Resisting the urge to cry out in new pain, I staggered to my feet, dodging a hit just before Inga's hands could reach me once again. Still, the effect of throwing myself out of the way almost immediately threw me off guard and still caused me to stumble, making my defences wide open. Like I fool, I slipped and struggled to stand and she had all the opportunities needed to strike her final blows, rip me to skin and bones and misery.

Inga pulled at my vulnerable torso, a low groan echoing through the room as my back muscles shrieked in new pain. I did not have the time to fight back before she was holding my arms down me still, face two inches away from mine. Her always-stained red lips had saliva beads bubbling and her breathe stank. I did my best to not gag.
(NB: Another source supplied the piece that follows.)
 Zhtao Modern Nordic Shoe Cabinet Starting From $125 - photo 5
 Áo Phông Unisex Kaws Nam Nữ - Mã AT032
"You're still too slow," she spat, droplets of saliva staining dripping down my cheek in an area I could not reach with hands held back. It dripped slowly, and I grimaced, holding back the urge to gag. Her taunts were a slow, careful song, perfectly performed in Russian and the poisonous rather of Inga Kuznetsova. "Once again, you failed. You fall too fast and give up too easily. Fool of a soldier, wasting time."

Our fighting was supposedly for practice, but none of that past hour had been for me or beneficial. No, it was her playtime, her being the spider and me a docile fly, drugged up and waiting for her to wrap me up and be drained of blood and energy. I fought, but she was always stronger, always faster, always ten steps ahead of me and anticipating any move. It was as though she was an enhanced clone of my own self; no matter what I did, she already knew and had already a counterattack loading up.

"Let me go."

She released my wrist and watched as I rubbed them in agony, a flicker of a smile on her face. "I still do not know what was seen in you. There were much better girls, yet you were the replacement. Your teacher is a идиот."
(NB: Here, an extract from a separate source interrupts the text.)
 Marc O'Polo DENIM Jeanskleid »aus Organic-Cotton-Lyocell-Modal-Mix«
"You would be dead without my help."

Her laugh would never cease to scare me, and when it hit my ears in a shrill cry, I flinched and resisted the urge to cover them. "I doubt that. Now, clean up."
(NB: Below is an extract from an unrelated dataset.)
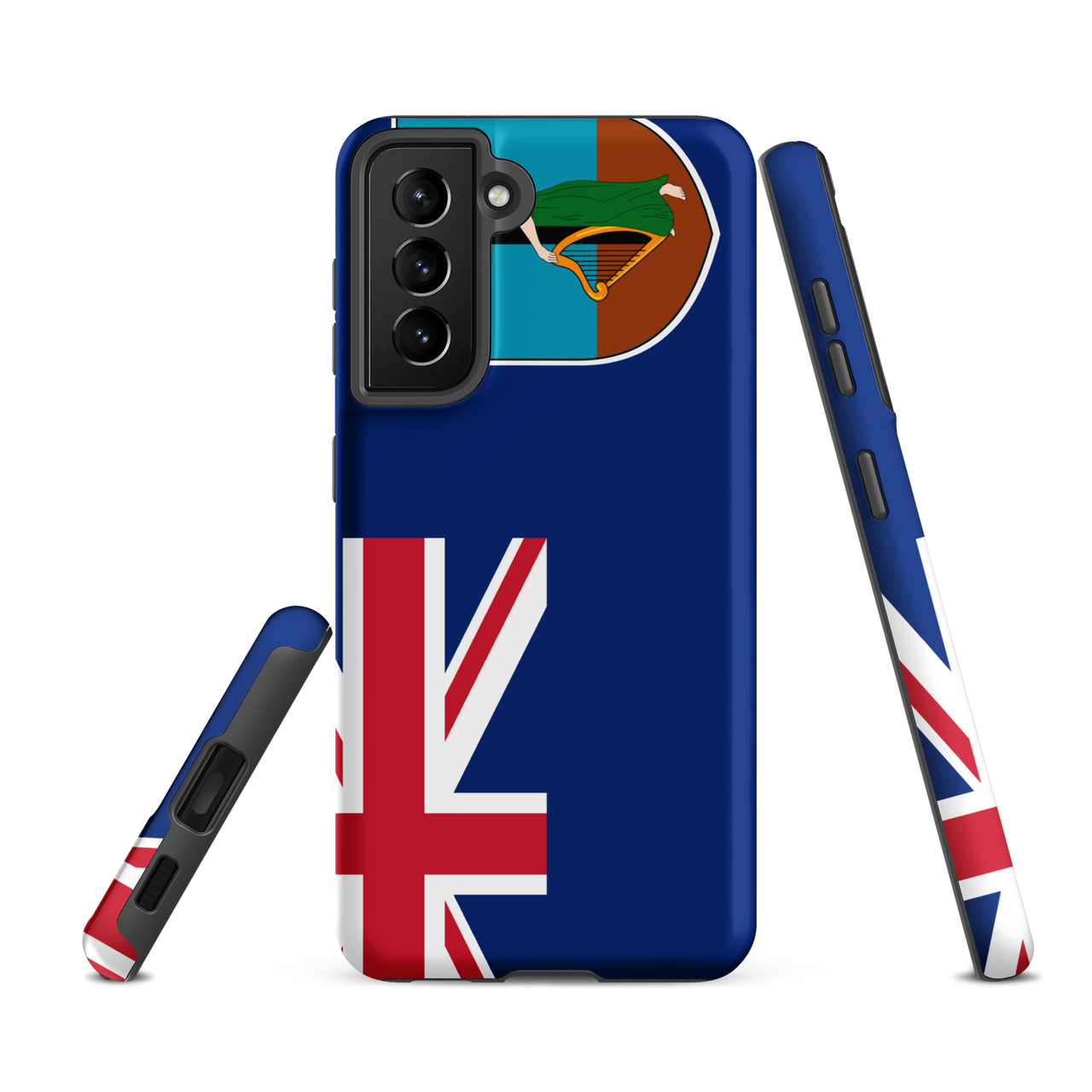 Montserrat Flag Tough case for Samsung®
Shooting a glare at her turned back, I staggered up and gripped the coffee table tightly, wincing as my back lit up in pain in a billion different places. I would have to get used to the pain, for it wasn't like I could easily pull off a random back injury at school, but that didn't stop the eruption of wounds all down my spine as I struggled to make my way across the room. I just had to hope that the Parker boy wasn't planning on staging a fight session today, otherwise, I was more than doomed.

...

It was weird, actually being inside where the boy lived. I had visited it many-a-time before, sure, but that was from his fire escape, dangling and watching him for a few snatched moments before it was a worry of getting caught. I didn't know much about his building other than that small room, and everything was different on a totally normal side.

He lived in a small apartment, nothing ridiculously fancy, with long white doors lined up in rows across from each other, plain and all matching the one across from it. The carpet was worn, and I observed in great distaste that stains littered some of the walls as I hurried up the stairs and the way the putrid stench followed me and seemed to only grow worse as I got higher up. However, for some strange reason, the Parker boy's door was spotless and clean - a pleasant surprise to the other less meticulous disasters around. Not that that was that fascinating or something to report back to Inga about, but it was something to note about the boy.